REQUIRED ACTION: The data below should be restated word for word, pictures omitted.

THE DATA:
= = = = =
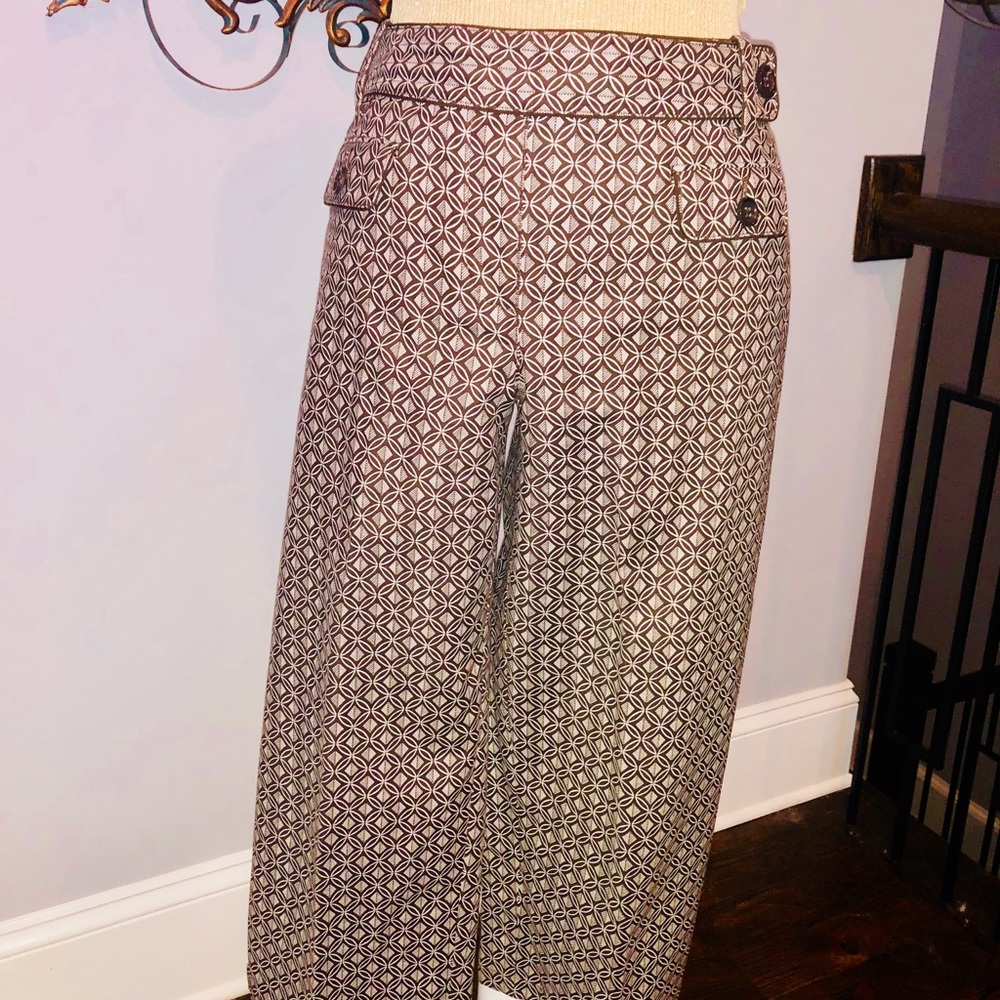 Ann Taylor Lindsay 8 Capri work pants brown white
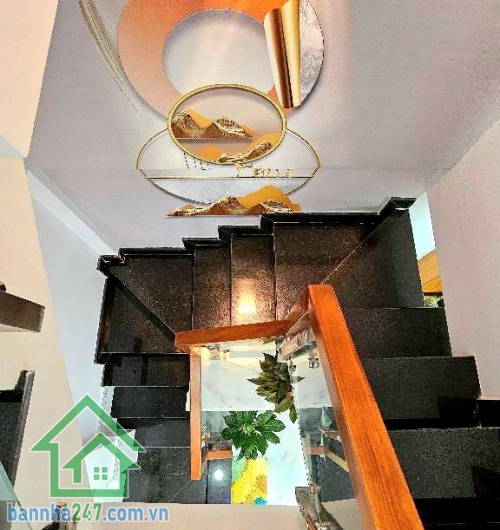 CHỈ 4,15 TỶ – HẺM Ô TÔ – SIÊU PHẨM 3 TẦNG – 19M² VUÔNG VỨC – THÔNG LẠC LONG QUÂN – TRẦN VĂN QUANG - 2PN – 3WC * DT: 3,4 × 6m = 19m² * Kết cấu: 1 trệt – 2 lầu – ban công, 2PN – 3WC – 1PK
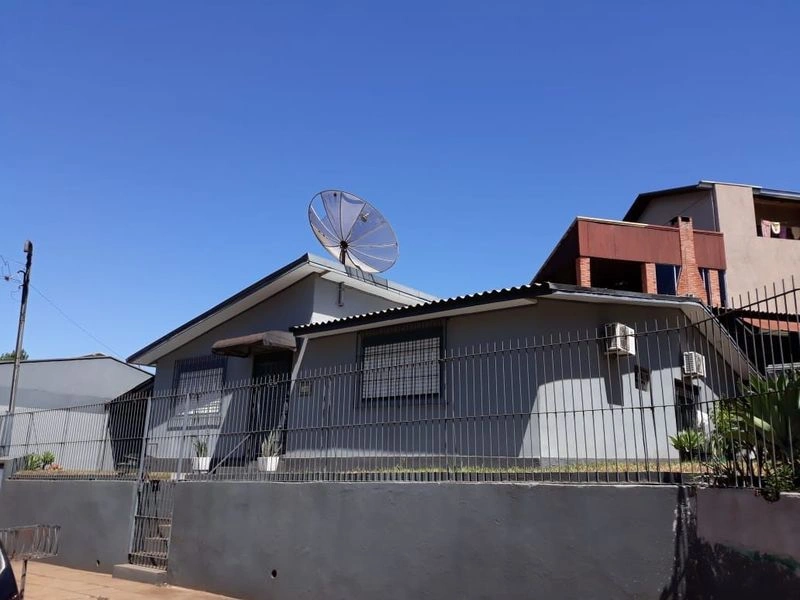 Casa com 3 dormitórios à venda, 140 m² por R$ 880.000,00 - Centro - Santa Rosa/RS — foto 1 de 7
= = = = =
TASK OUTPUT:
 Ann Taylor Lindsay 8 Capri work pants brown white
 CHỈ 4,15 TỶ – HẺM Ô TÔ – SIÊU PHẨM 3 TẦNG – 19M² VUÔNG VỨC – THÔNG LẠC LONG QUÂN – TRẦN VĂN QUANG - 2PN – 3WC * DT: 3,4 × 6m = 19m² * Kết cấu: 1 trệt – 2 lầu – ban công, 2PN – 3WC – 1PK
 Casa com 3 dormitórios à venda, 140 m² por R$ 880.000,00 - Centro - Santa Rosa/RS — foto 1 de 7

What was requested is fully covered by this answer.